The False Trade-off
Teams that ship slowly often believe they're being careful. Teams that ship fast are assumed to be cutting corners. In my experience, both assumptions are wrong.
The slowest teams I've worked with are slow because of accumulated complexity and unclear ownership — not because they're being thorough. The fastest teams move fast because they've invested in the infrastructure that makes fast movement safe: good tests, clear boundaries, fast feedback loops.
Speed and stability are more correlated than they are opposed.
What Actually Slows Teams Down
In rough order of impact:
- Large PRs. A 1,000-line PR takes days to review, often gets rubber-stamped because reviewers give up, and is terrifying to roll back. A 100-line PR gets reviewed in an hour, merged confidently, and reverted in 30 seconds if needed.
- Unclear ownership. When everyone is responsible for everything, nobody is. Decisions get deferred, code doesn't get maintained, bugs linger because nobody knows who should fix them.
- Slow CI. A CI pipeline that takes 20 minutes trains engineers to batch changes and push infrequently. A pipeline that takes 3 minutes trains them to push small, frequent changes and get feedback fast.

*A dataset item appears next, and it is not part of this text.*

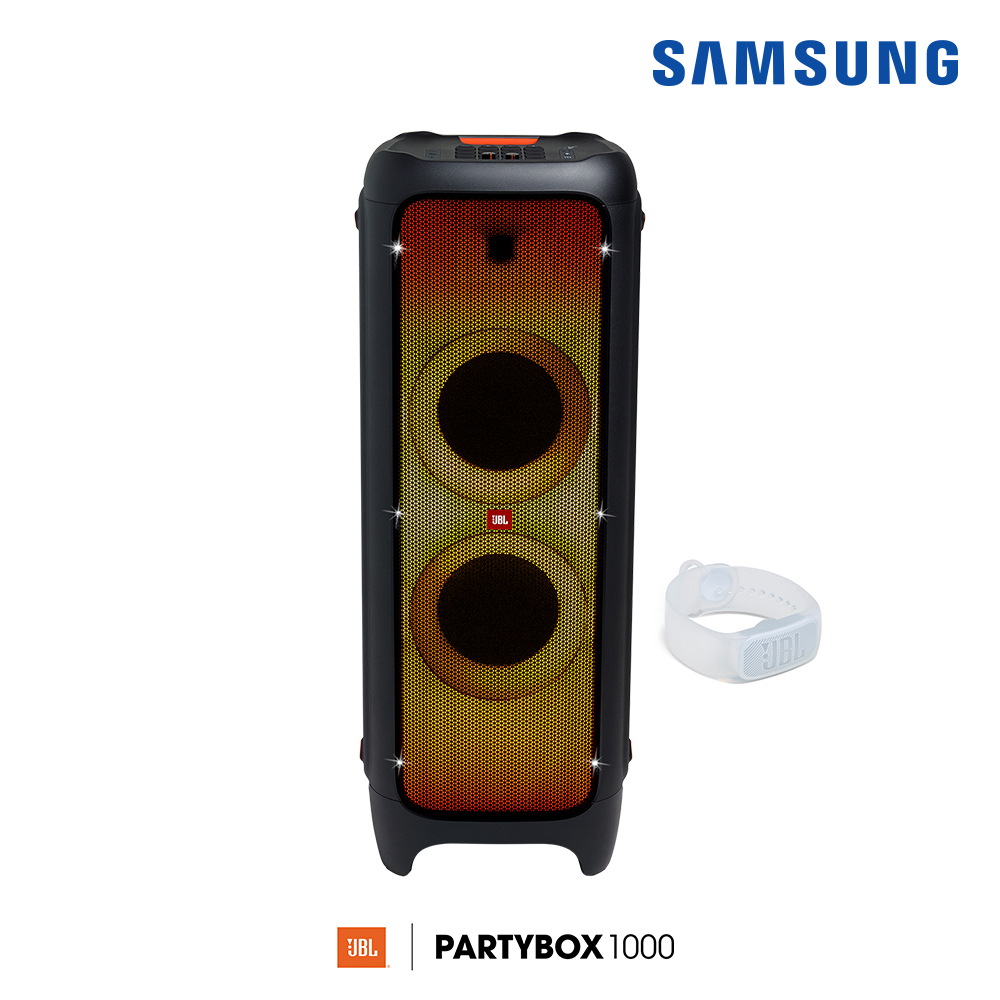 [삼성전자] JBL PARTYBOX 1000 파티 스피커 JBLPARTYBOX1000AS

- Missing observability. You can't move fast if you can't tell whether things are working. Basic logging, error tracking, and metrics are not optional for teams that want to ship fast.
The System I Use
For solo and small-team work:
- Work in branches, merge to main daily. If a branch lives for more than two days, it's too big.
- Write the test before you ship. Not TDD-dogmatically, but at minimum: before you call something done, write one test that would have caught the bug you were most worried about introducing.
- Feature flags for anything user-facing. Ship the code, enable the feature separately. Rollback is a config change, not a deployment.
- Review your own PR before requesting review. Leave comments on the things you're unsure about. It makes the review conversation faster and shows you've thought it through.
The Debt Question
Technical debt gets a bad reputation, but not all debt is the same. There's debt that compresses your ability to move in the future (bad), and debt that is a deliberate trade-off to ship something now and clean it up later (sometimes fine, if you actually clean it up).
The difference is intentionality and tracking. If you take a shortcut, write it down somewhere — a ticket, a comment, a TODO. If you never write it down, it will never get fixed.
One Thing to Start Tomorrow
If your team is moving slowly, the highest-leverage change is usually shrinking PR size. Not better planning, not more documentation, not architectural improvements. Just: smaller units of change, merged more frequently.
Try it for two weeks. The results will surprise you.